• What is expected:
Send back the data below exactly. Drop every picture.
[Data to process — start]
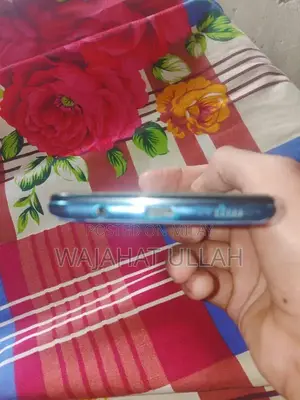 Samsung Galaxy A30 Smartphone with Dual Camera System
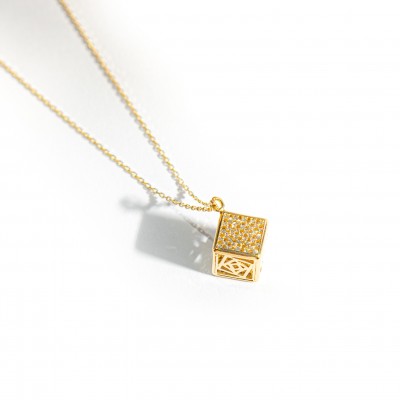 Gold Necklace  18 K  -  4.47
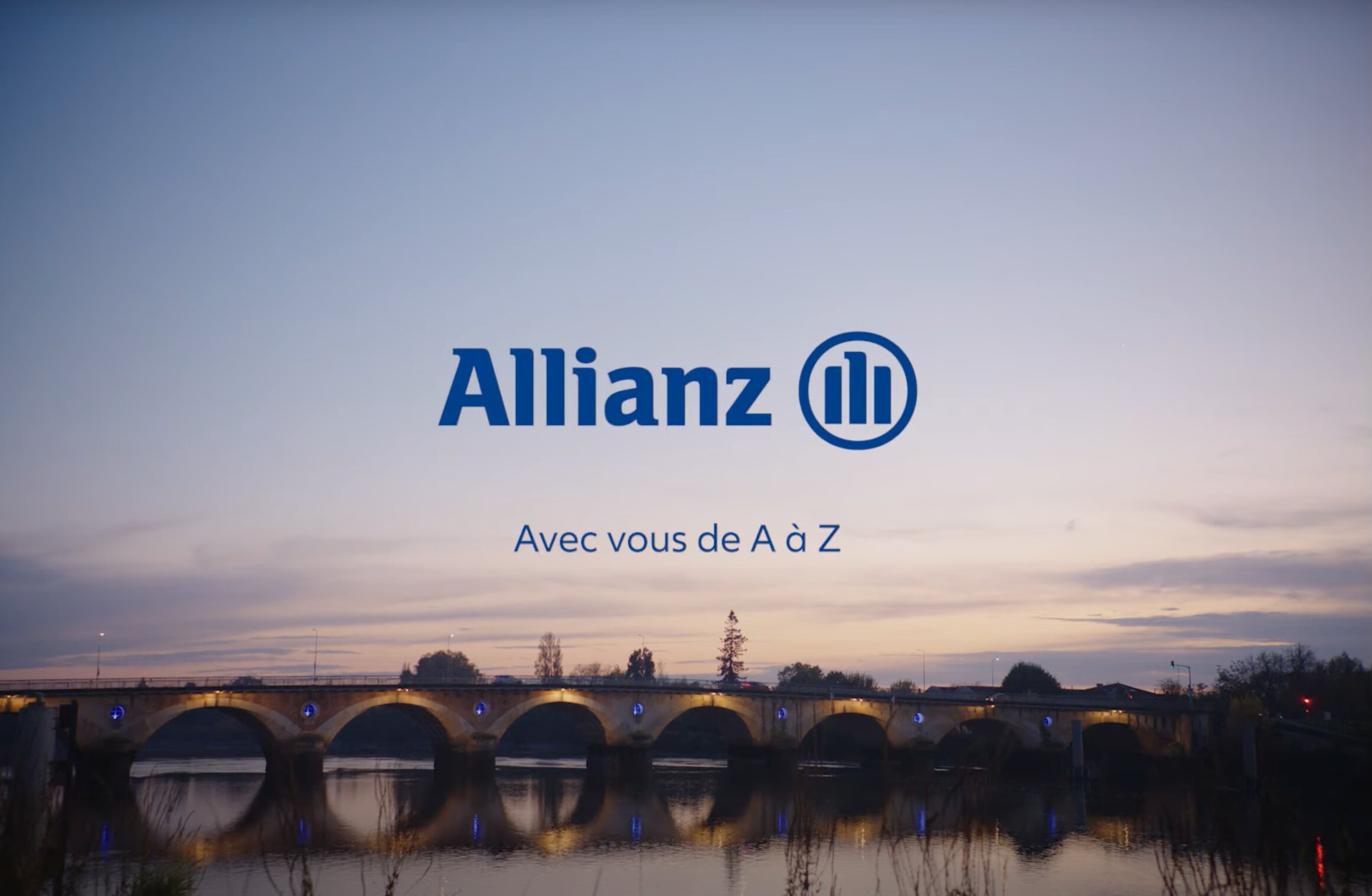 La campagne « Allianz à vos côtés de A à Z », insiste sur la promesse de proximité de l’assureur - © D.R.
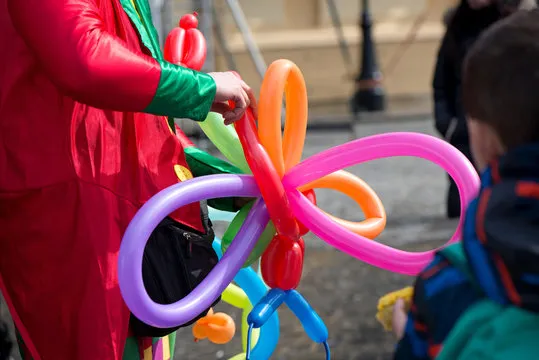 balloon artist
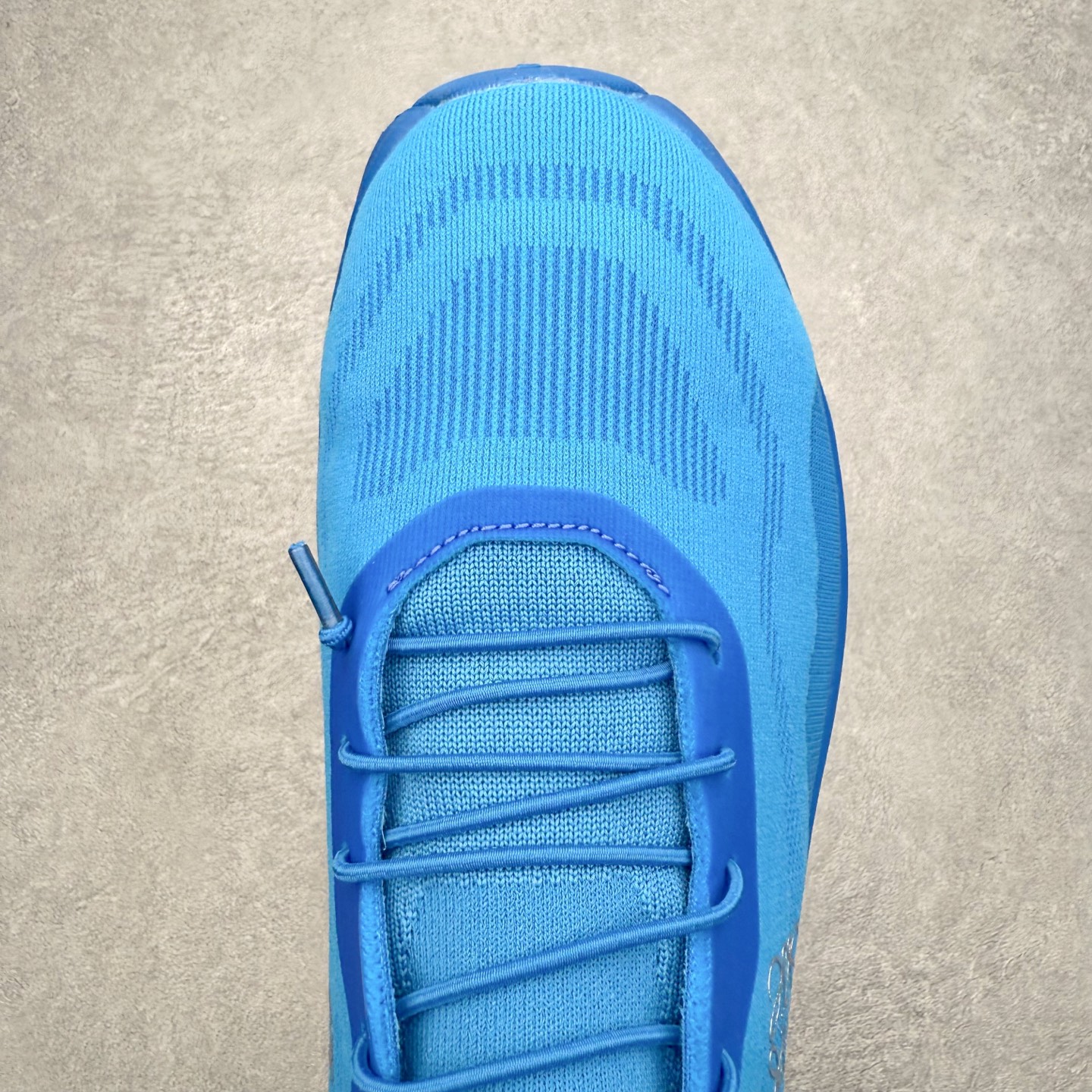 图片[4]-＃福利特价 LOEWE x On Cloudtilt 2.0 昂跑罗意威联名 圆头系带生活休闲鞋 此运动品牌 开创于2010年 缓震着陆、强效回弹、轻柔质感的设计构思始终是ON研制关键 与此同时基于“为全球提供革新性的跑步感受”信念 陆续推出了多款跑鞋及其以专业运动人体跑步工程学为设计关键的功能性跑步服饰设备 让跑者不费力气地畅快畅跑 尺码：36 36.5 37.5 38 38.5 39 40 40.5 41 42 42.5 43 44 44.5 45-选品中心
[Data to process — finish]
• Answer:
 Samsung Galaxy A30 Smartphone with Dual Camera System
 Gold Necklace  18 K  -  4.47
 La campagne « Allianz à vos côtés de A à Z », insiste sur la promesse de proximité de l’assureur - © D.R.
 balloon artist
 图片[4]-＃福利特价 LOEWE x On Cloudtilt 2.0 昂跑罗意威联名 圆头系带生活休闲鞋 此运动品牌 开创于2010年 缓震着陆、强效回弹、轻柔质感的设计构思始终是ON研制关键 与此同时基于“为全球提供革新性的跑步感受”信念 陆续推出了多款跑鞋及其以专业运动人体跑步工程学为设计关键的功能性跑步服饰设备 让跑者不费力气地畅快畅跑 尺码：36 36.5 37.5 38 38.5 39 40 40.5 41 42 42.5 43 44 44.5 45-选品中心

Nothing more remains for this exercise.